Your output should be the whole listing, identical to the original.

*** Exercise data ***

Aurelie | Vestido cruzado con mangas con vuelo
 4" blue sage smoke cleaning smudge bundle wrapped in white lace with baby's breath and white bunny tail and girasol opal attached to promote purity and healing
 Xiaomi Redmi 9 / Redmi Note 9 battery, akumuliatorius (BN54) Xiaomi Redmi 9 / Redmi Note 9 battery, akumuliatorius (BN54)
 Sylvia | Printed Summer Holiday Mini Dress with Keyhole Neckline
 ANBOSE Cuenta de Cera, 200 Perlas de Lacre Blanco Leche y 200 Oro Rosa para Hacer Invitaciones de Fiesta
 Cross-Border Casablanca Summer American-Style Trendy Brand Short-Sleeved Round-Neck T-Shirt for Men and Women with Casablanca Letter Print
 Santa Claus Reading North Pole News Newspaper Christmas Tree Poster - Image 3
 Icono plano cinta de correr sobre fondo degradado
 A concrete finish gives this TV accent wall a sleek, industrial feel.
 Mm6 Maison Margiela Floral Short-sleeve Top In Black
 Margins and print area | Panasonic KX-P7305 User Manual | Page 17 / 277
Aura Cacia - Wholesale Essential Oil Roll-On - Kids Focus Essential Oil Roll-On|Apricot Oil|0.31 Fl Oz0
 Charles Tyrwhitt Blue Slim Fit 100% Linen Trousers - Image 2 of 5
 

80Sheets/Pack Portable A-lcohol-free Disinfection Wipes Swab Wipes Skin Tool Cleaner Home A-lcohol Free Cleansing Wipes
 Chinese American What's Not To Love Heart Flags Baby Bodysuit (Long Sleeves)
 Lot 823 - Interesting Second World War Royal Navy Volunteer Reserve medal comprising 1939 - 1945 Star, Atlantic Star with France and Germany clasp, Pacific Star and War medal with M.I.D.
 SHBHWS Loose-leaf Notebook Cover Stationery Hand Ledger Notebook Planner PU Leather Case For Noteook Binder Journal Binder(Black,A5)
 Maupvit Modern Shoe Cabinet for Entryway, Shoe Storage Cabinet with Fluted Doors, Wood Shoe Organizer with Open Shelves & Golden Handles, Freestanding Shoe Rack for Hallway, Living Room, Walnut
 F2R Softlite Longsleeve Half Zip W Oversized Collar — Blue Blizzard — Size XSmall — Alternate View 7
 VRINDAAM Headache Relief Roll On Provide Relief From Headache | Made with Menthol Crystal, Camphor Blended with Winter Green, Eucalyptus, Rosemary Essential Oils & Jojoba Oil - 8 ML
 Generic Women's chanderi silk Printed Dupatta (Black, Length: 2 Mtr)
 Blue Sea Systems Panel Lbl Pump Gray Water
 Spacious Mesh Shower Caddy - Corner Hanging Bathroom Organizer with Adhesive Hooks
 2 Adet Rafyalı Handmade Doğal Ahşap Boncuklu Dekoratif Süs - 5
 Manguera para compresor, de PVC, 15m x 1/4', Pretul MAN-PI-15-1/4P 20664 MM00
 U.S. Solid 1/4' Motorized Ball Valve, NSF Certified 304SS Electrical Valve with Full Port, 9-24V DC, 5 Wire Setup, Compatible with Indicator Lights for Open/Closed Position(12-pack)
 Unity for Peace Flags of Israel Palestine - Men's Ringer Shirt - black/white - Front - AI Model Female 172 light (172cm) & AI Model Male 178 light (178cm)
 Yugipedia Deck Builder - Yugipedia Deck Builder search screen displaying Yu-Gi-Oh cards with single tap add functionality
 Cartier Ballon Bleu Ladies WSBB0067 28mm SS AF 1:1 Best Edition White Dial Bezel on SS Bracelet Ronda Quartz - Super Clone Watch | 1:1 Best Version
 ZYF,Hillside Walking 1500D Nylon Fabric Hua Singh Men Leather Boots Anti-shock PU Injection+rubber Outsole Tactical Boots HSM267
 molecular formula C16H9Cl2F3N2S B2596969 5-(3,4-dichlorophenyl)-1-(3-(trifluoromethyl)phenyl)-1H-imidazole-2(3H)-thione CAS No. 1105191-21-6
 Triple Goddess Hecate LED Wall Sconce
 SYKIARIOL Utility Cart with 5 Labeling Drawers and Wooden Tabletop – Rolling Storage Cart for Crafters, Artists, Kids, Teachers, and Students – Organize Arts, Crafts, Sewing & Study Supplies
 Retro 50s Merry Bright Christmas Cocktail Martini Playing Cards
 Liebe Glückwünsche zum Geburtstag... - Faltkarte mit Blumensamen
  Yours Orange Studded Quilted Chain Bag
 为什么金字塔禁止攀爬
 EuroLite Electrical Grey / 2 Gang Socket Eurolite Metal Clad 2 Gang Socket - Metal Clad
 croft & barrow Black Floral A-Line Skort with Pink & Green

*** End of Exercise data ***

Reply
Aurelie | Vestido cruzado con mangas con vuelo
 4" blue sage smoke cleaning smudge bundle wrapped in white lace with baby's breath and white bunny tail and girasol opal attached to promote purity and healing
 Xiaomi Redmi 9 / Redmi Note 9 battery, akumuliatorius (BN54) Xiaomi Redmi 9 / Redmi Note 9 battery, akumuliatorius (BN54)
 Sylvia | Printed Summer Holiday Mini Dress with Keyhole Neckline
 ANBOSE Cuenta de Cera, 200 Perlas de Lacre Blanco Leche y 200 Oro Rosa para Hacer Invitaciones de Fiesta
 Cross-Border Casablanca Summer American-Style Trendy Brand Short-Sleeved Round-Neck T-Shirt for Men and Women with Casablanca Letter Print
 Santa Claus Reading North Pole News Newspaper Christmas Tree Poster - Image 3
 Icono plano cinta de correr sobre fondo degradado
 A concrete finish gives this TV accent wall a sleek, industrial feel.
 Mm6 Maison Margiela Floral Short-sleeve Top In Black
 Margins and print area | Panasonic KX-P7305 User Manual | Page 17 / 277
Aura Cacia - Wholesale Essential Oil Roll-On - Kids Focus Essential Oil Roll-On|Apricot Oil|0.31 Fl Oz0
 Charles Tyrwhitt Blue Slim Fit 100% Linen Trousers - Image 2 of 5
 

80Sheets/Pack Portable A-lcohol-free Disinfection Wipes Swab Wipes Skin Tool Cleaner Home A-lcohol Free Cleansing Wipes
 Chinese American What's Not To Love Heart Flags Baby Bodysuit (Long Sleeves)
 Lot 823 - Interesting Second World War Royal Navy Volunteer Reserve medal comprising 1939 - 1945 Star, Atlantic Star with France and Germany clasp, Pacific Star and War medal with M.I.D.
 SHBHWS Loose-leaf Notebook Cover Stationery Hand Ledger Notebook Planner PU Leather Case For Noteook Binder Journal Binder(Black,A5)
 Maupvit Modern Shoe Cabinet for Entryway, Shoe Storage Cabinet with Fluted Doors, Wood Shoe Organizer with Open Shelves & Golden Handles, Freestanding Shoe Rack for Hallway, Living Room, Walnut
 F2R Softlite Longsleeve Half Zip W Oversized Collar — Blue Blizzard — Size XSmall — Alternate View 7
 VRINDAAM Headache Relief Roll On Provide Relief From Headache | Made with Menthol Crystal, Camphor Blended with Winter Green, Eucalyptus, Rosemary Essential Oils & Jojoba Oil - 8 ML
 Generic Women's chanderi silk Printed Dupatta (Black, Length: 2 Mtr)
 Blue Sea Systems Panel Lbl Pump Gray Water
 Spacious Mesh Shower Caddy - Corner Hanging Bathroom Organizer with Adhesive Hooks
 2 Adet Rafyalı Handmade Doğal Ahşap Boncuklu Dekoratif Süs - 5
 Manguera para compresor, de PVC, 15m x 1/4', Pretul MAN-PI-15-1/4P 20664 MM00
 U.S. Solid 1/4' Motorized Ball Valve, NSF Certified 304SS Electrical Valve with Full Port, 9-24V DC, 5 Wire Setup, Compatible with Indicator Lights for Open/Closed Position(12-pack)
 Unity for Peace Flags of Israel Palestine - Men's Ringer Shirt - black/white - Front - AI Model Female 172 light (172cm) & AI Model Male 178 light (178cm)
 Yugipedia Deck Builder - Yugipedia Deck Builder search screen displaying Yu-Gi-Oh cards with single tap add functionality
 Cartier Ballon Bleu Ladies WSBB0067 28mm SS AF 1:1 Best Edition White Dial Bezel on SS Bracelet Ronda Quartz - Super Clone Watch | 1:1 Best Version
 ZYF,Hillside Walking 1500D Nylon Fabric Hua Singh Men Leather Boots Anti-shock PU Injection+rubber Outsole Tactical Boots HSM267
 molecular formula C16H9Cl2F3N2S B2596969 5-(3,4-dichlorophenyl)-1-(3-(trifluoromethyl)phenyl)-1H-imidazole-2(3H)-thione CAS No. 1105191-21-6
 Triple Goddess Hecate LED Wall Sconce
 SYKIARIOL Utility Cart with 5 Labeling Drawers and Wooden Tabletop – Rolling Storage Cart for Crafters, Artists, Kids, Teachers, and Students – Organize Arts, Crafts, Sewing & Study Supplies
 Retro 50s Merry Bright Christmas Cocktail Martini Playing Cards
 Liebe Glückwünsche zum Geburtstag... - Faltkarte mit Blumensamen
  Yours Orange Studded Quilted Chain Bag
 为什么金字塔禁止攀爬
 EuroLite Electrical Grey / 2 Gang Socket Eurolite Metal Clad 2 Gang Socket - Metal Clad
 croft & barrow Black Floral A-Line Skort with Pink & Green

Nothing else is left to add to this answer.